■ **Entries provided**
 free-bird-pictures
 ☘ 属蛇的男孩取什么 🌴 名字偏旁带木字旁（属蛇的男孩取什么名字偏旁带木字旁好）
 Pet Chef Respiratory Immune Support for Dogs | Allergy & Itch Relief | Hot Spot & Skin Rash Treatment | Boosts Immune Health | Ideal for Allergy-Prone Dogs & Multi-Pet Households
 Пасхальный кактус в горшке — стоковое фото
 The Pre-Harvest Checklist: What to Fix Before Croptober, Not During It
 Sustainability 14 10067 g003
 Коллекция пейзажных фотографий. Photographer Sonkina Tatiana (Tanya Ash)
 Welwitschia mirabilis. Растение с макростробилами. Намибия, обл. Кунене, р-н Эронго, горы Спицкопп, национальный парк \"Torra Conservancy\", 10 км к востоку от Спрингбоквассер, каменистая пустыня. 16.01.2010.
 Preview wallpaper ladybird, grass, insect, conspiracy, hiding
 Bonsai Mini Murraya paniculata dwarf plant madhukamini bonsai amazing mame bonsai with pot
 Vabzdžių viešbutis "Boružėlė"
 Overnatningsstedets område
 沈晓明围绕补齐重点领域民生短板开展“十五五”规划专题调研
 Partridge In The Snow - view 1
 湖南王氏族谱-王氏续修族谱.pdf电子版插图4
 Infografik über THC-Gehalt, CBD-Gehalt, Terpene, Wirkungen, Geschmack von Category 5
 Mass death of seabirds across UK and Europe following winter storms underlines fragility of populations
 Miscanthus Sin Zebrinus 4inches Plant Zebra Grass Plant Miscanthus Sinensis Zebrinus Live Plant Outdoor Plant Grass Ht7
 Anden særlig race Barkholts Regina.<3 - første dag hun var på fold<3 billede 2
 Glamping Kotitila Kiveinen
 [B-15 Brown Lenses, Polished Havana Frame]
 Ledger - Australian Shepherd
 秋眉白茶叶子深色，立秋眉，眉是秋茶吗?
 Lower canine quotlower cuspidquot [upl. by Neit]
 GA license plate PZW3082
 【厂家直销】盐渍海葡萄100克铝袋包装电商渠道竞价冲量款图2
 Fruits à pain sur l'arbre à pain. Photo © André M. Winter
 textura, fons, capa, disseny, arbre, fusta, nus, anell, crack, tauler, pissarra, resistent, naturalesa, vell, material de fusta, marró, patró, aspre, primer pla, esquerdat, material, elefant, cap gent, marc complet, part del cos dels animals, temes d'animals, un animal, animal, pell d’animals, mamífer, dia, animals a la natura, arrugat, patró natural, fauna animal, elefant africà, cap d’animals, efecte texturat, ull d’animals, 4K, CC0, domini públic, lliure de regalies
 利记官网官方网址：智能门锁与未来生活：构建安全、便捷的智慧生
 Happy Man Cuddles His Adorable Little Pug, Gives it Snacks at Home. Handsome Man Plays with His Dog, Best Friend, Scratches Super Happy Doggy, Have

■ **What you need to do**
From the listing above, repeat exactly the lines starting at the line that includes "von Category 5" and ending at the line that includes "Anden særlig race", with nothing outside that span.

■ **Expected answer**
 Infografik über THC-Gehalt, CBD-Gehalt, Terpene, Wirkungen, Geschmack von Category 5
 Mass death of seabirds across UK and Europe following winter storms underlines fragility of populations
 Miscanthus Sin Zebrinus 4inches Plant Zebra Grass Plant Miscanthus Sinensis Zebrinus Live Plant Outdoor Plant Grass Ht7
 Anden særlig race Barkholts Regina.<3 - første dag hun var på fold<3 billede 2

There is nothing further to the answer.